Estive no Benfica durante um ano e meio e tive o azar de ser num período de instabilidade do clube. Fui contratado pelo Vale e Azevedo, depois tive o Vilarinho e acabei com o Luís Filipe Vieira, três presidentes num ano e meio. Fui contratado pelo Jupp Heynckes, tive o privilégio de ser treinado à posteriori pelo Mourinho e depois pelo Toni, que era o treinador da campanha do Vilarinho.
A história que vou contar é relativa ao período do José Mourinho. Ele chegou numa fase atribulada do Benfica, que tinha um plantel muito limitado comparando com aquilo que é hoje o Benfica. O nosso plantel não tinha qualidade para quem quer ser campeão e a estrutura directiva também tinha as suas lacunas e falta de organização porque num clube grande é importante que haja estabilidade e força directiva. E, infelizmente, no ano e meio que lá estive, o Benfica viveu uma fase muito atribulada.
O Mourinho quando chegou era um jovem, um treinador ambicioso, com um à vontade e uma ligação muito forte com os jogadores, uma pessoa muito bem disposta, muito positiva, com muita vida, sempre muito bem humorado, muito directo naquilo que se deve ao diálogo com os jogadores, ao dia-a-dia, à palestra antes do jogo, à palestra no intervalo, quando tem de corrigir um erro incide em quem cometeu o erro e dizia “tens de corrigir isto porque senão para a semana não jogas”, e tinha sempre todo o plantel na mão. Fundamentalmente, quem não jogava sentia-se valorizado. E íamos para os treinos com paixão porque os treinos eram atractivos, feitos e criados não só para a nossa ideia de jogo mas também baseados naquilo que íamos encontrar no fim-de-semana seguinte. Então íamos para o treino completamente motivados, cheios de energia e de paixão por aquilo que era o treino em si.

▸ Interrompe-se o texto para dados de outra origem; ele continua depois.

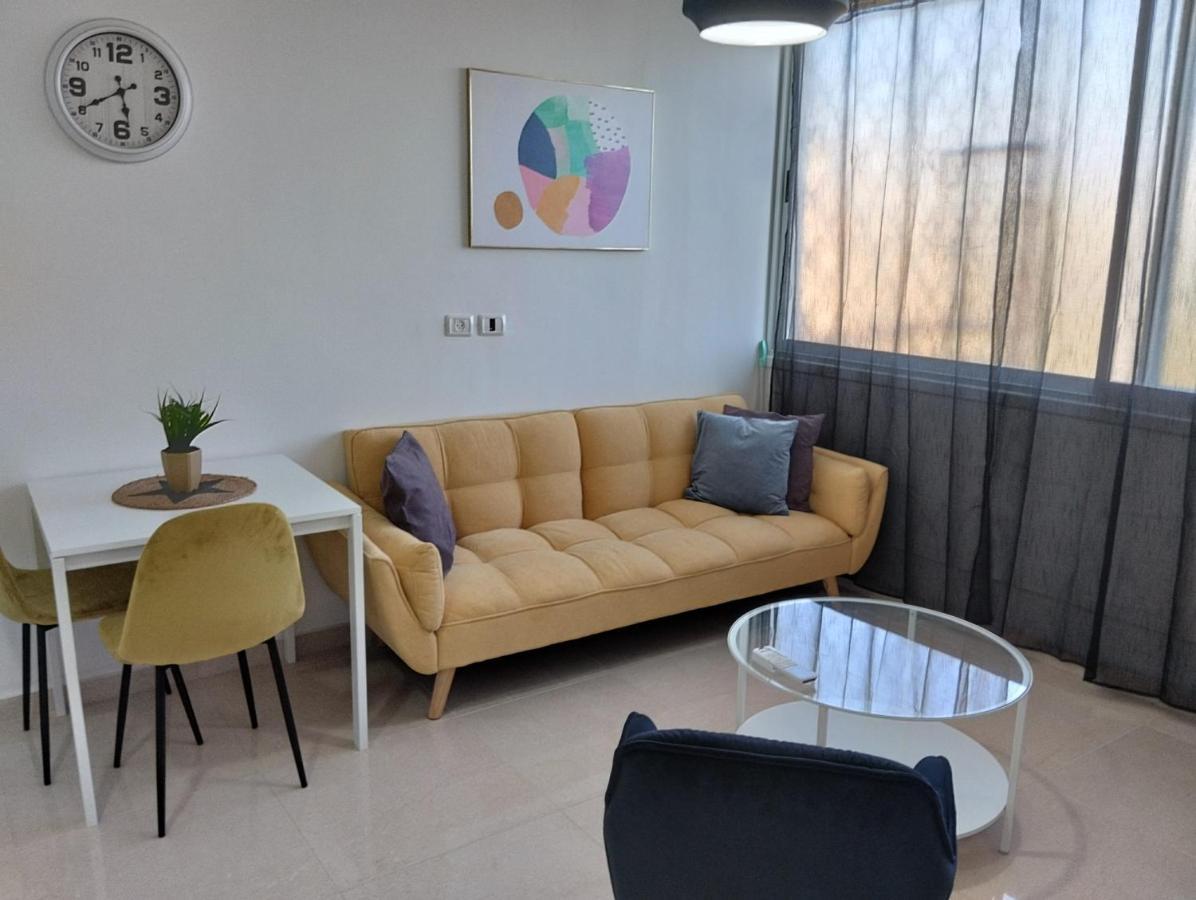 תות Lägenhet Beersheba Exteriör bild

E vivemos um episódio muito engraçado aquando do jogo com o Campomaiorense, para a Taça de Portugal. Na altura, o treinador do Campomaiorense era o Diamantino Miranda, que foi uma grande glória do Benfica, e nós vínhamos de uma série complicada de resultados, o Mourinho tinha acabado de entrar. Na segunda-feira que antecede esse jogo, o Diamantino dá uma entrevista polémica a um jornal desportivo na qual disse que a maioria dos jogadores do Benfica não tinha valor para lá jogar. Era o título da entrevista. Para nós, ler aquilo foi uma chapada. Ainda por cima vindo de uma referência do Benfica mas também de alguém que tinha estado no campo e sabia perfeitamente que isto magoa. Não recebemos aquilo de uma boa forma mas o momento era mau e não tínhamos grande moral para estarmos a comentar aquele tipo de declarações. Como é lógico, o Diamantino merece-nos todo o respeito, ainda por cima tinha sido meu treinador em Felgueiras. E o Mourinho também nada disse, limitou-se a fazer uma semana normal de trabalho.
Chega o dia do jogo, em Campo Maior. Chegámos ao estádio, fizemos o aquecimento e fomos para o balneário. O Mourinho bate a porta do balneário e estava lá colada a entrevista do Diamantino, não no tamanho do jornal normal mas com o dobro ou o triplo do tamanho. E disse-nos:
– Este filha da puta andou a dizer no jornal que vocês não têm qualidade para jogar aqui no Benfica. Portanto vocês agora vão lá dentro e vão mostrar a este filha da puta que têm qualidade para jogar no Benfica.
Como é lógico, aquilo deu-nos uma força e uma energia tremenda, uma vontade e uma raça que é fundamental no futebol, e isto vem definir aquela que é a mais-valia do José Mourinho: além de ser um grande treinador no campo e um grande apaixonado pelo futebol, usa a parte emocional e a motivação como ninguém. Podia ter falado logo na segunda-feira ou na terça-feira e comentado essa entrevista, podia ter respondido ao Diamantino à maneira dele, mas limitou-se a guardar aquele trunfo para a altura certa e, de facto, foi fundamental.
Acabámos por ganhar 1-0, depois o Diamantino ainda respondeu, não me lembro o que é que ele disse e para nós foi irrelevante porque ganhámos e queríamos muito ganhar aquele jogo para provar a quem tinha dúvidas que tínhamos valor para jogar no Benfica e essencialmente para ganhar ao Campomaiorense.
É uma história que jamais esquecerei, que define completamente quem é o José Mourinho e para nós foi uma experiência única.
Internacional, foi formado no V. Guimarães e jogou no Benfica antes de chegar ao Estugarda, onde foi campeão. Voltaria a sê-lo no Zenit e, lá fora, defendeu ainda Galatasaray e Zaragoza.